TASK TO CARRY OUT:
Keep the pictures out, and restate the listing that follows exactly as written.

PROVIDED MATERIAL:

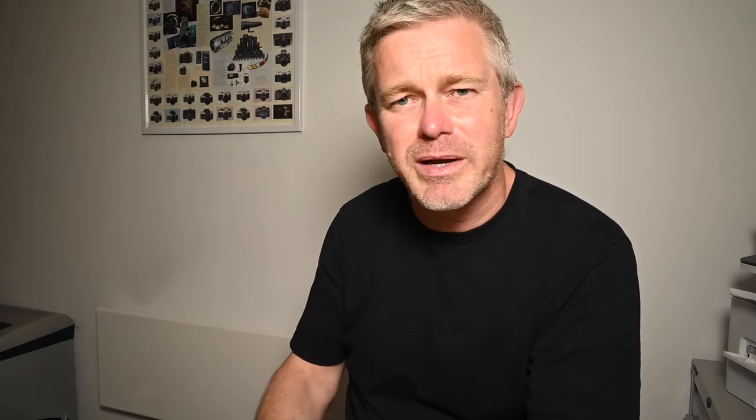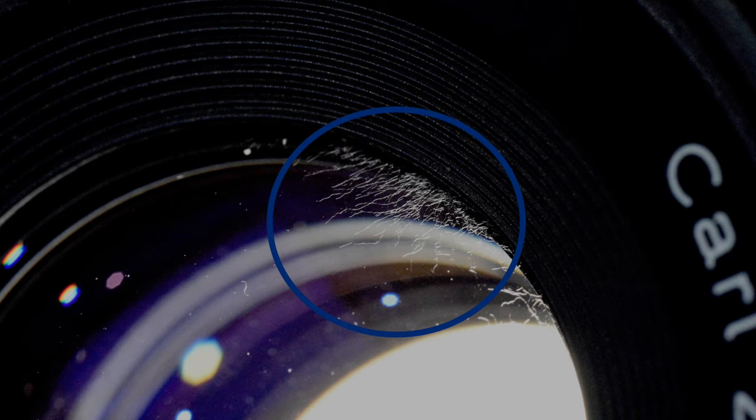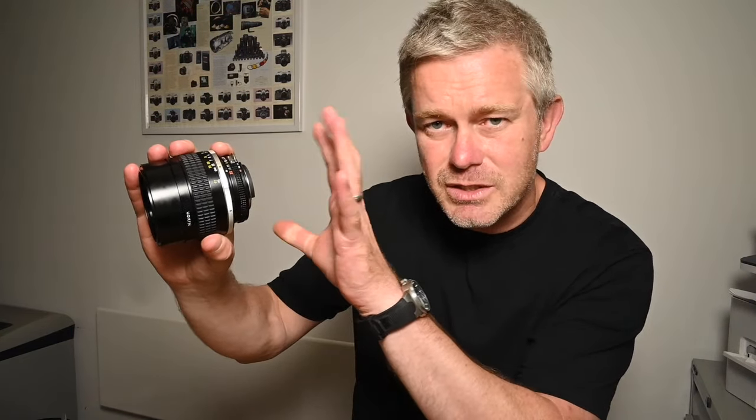You can see the fungus beginning to grow, the colony of fungus beginning to develop, and you can see the little sort of legs starting to grow from the centre. If you get it on the back element or the front element and you catch it really quickly, you can probably clean it off. If it develops further, you'll sometimes see fungus growing in from the edges of the lens — spidery legs growing in from the outer edges of the internal optics. You can also sometimes see it growing from a central point, with legs growing out from that central spot — a sort of snowflake-type or spider-type fungus.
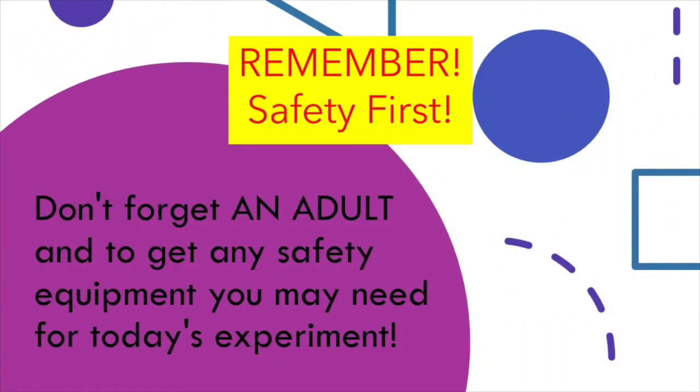Remember, safety first. Don't forget an adult and to get any safety equipment you may need for today's experiment. Hi, and welcome to Pop Bang Fizz Stupendous Science. I'm Miss Amelia from the St. Charles Public Library, and today we're going to be experimenting with solar power. More importantly, we're going to be creating our very own solar power oven so we can make our own s'mores. Stay tuned for your supply list so we can get started.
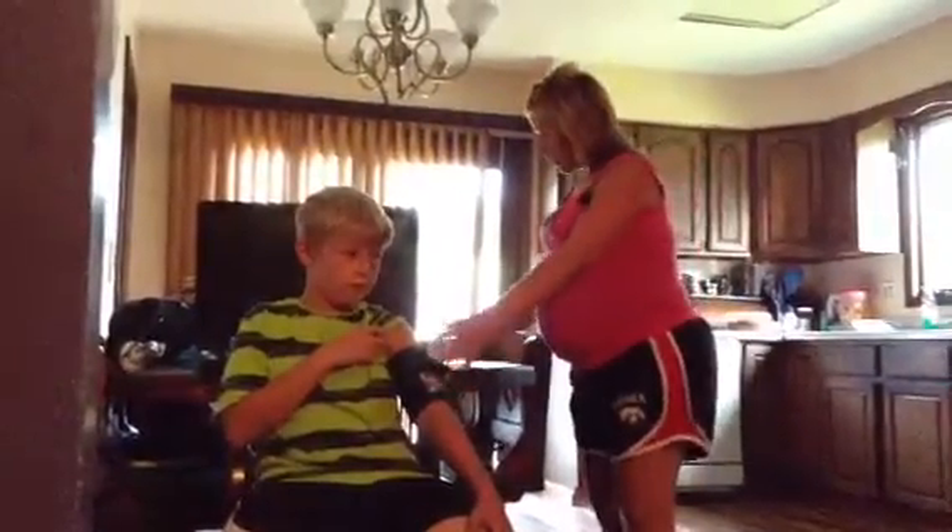The diastolic number, 60, is the bottom number, and that's when your heart is at rest. The American Heart Association states that the normal blood pressure is 120 over 70.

WRITTEN REPLY:
You can see the fungus beginning to grow, the colony of fungus beginning to develop, and you can see the little sort of legs starting to grow from the centre. If you get it on the back element or the front element and you catch it really quickly, you can probably clean it off. If it develops further, you'll sometimes see fungus growing in from the edges of the lens — spidery legs growing in from the outer edges of the internal optics. You can also sometimes see it growing from a central point, with legs growing out from that central spot — a sort of snowflake-type or spider-type fungus.
Remember, safety first. Don't forget an adult and to get any safety equipment you may need for today's experiment. Hi, and welcome to Pop Bang Fizz Stupendous Science. I'm Miss Amelia from the St. Charles Public Library, and today we're going to be experimenting with solar power. More importantly, we're going to be creating our very own solar power oven so we can make our own s'mores. Stay tuned for your supply list so we can get started.
The diastolic number, 60, is the bottom number, and that's when your heart is at rest. The American Heart Association states that the normal blood pressure is 120 over 70.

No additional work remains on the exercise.